State Farm recently released its list of the top 10 most dangerous intersections in the United States. The most dangerous is in Florida, just north of Miami. Philadelphia, Phoenix and Tulsa, Oklahoma each had two intersections on the list. Frisco, Metairie, Louisiana and Sacramento, California each had one. Each year the Federal Highway Administration reports approximately 2.5 million accidents at intersections. Forty percent of all traffic accidents occur at intersections and almost 1,000 people a year die in these accidents. Intersections are dangerous.

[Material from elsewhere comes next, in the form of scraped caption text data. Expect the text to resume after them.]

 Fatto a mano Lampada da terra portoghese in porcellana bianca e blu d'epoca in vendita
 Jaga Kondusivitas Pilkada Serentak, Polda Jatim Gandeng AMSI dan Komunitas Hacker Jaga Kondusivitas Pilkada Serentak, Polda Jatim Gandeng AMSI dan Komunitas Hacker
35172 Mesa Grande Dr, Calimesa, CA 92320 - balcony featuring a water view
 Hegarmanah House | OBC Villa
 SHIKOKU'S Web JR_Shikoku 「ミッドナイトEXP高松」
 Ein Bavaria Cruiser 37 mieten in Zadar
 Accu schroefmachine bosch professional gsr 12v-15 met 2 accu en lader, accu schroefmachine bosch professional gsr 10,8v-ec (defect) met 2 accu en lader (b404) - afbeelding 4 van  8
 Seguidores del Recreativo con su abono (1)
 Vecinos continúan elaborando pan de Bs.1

As in driving so in life. We all must go through intersections that raise the level of risk. They are moments built into life that challenge our best judgement and call on our best resources. Many families will encounter one of those intersections in the next few weeks: college. For the freshman leaving home it can be a dramatic confluence of emotion: excitement, freedom and fear. You can find them walking among the imposing buildings on campus, sometimes accompanied with anxious parents, sometimes alone, gazing at the pillared buildings wondering how they will find their way.
Parents will return home to suddenly silent houses. Stereos no longer echo from the upstairs bedroom. Meals are no longer gulped down in a rush to get the kids off to school and make the next practice session or performance. Schedules are disturbingly simple.

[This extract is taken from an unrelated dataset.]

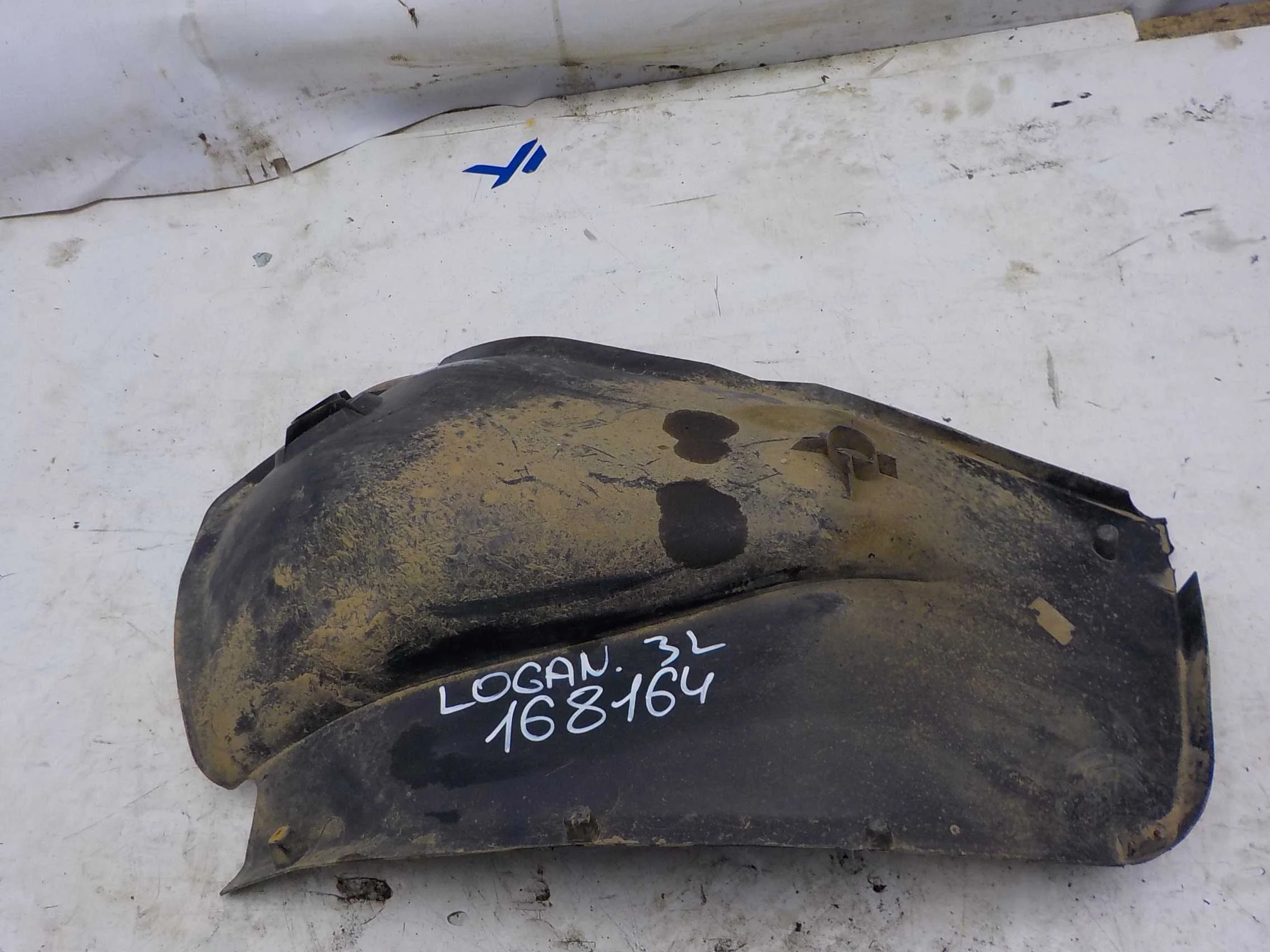 Подкрылок Renault Logan I (2004—2009) Зад Лево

We encounter other intersections when we choose a career, find a partner for life and give birth to our children. We encounter them when our preschoolers start first grade, when they reach puberty and struggle to grow up. Promotions, layoffs, career changes, moves to a new house in a new city, aging and old age. Life is filled with intersections.
We do best at these moments when we trust in God. He knows the “traffic patterns.” He has been there. He knows the outcome. He is willing to take us by the hand or “take the wheel” and guide us through to the other side.
He led Abraham to a foreign land he had never seen and multiplied his descendants like the sands of the sea. He guided Isaac in search of a wife and blessed Jacob in a similar quest. He led Moses through the wilderness. He guided Mary and Joseph to Egypt and back after the birth of Jesus. In every generation, God has been a comfort and a guide to those who trust Him.
“In your loving kindness you have led the people whom you have redeemed; in your strength you have guided them to your Holy habitation” (Exodus 15:13). “For you are my rock and my fortress; for your name’s sake you will lead me and guide me” (Psalm 31:3). “And the Lord will continually guide you, and satisfy your desire in scorched places; and you will be like a watered garden, and like a spring of water whose waters do not fail” (Isaiah 58:11).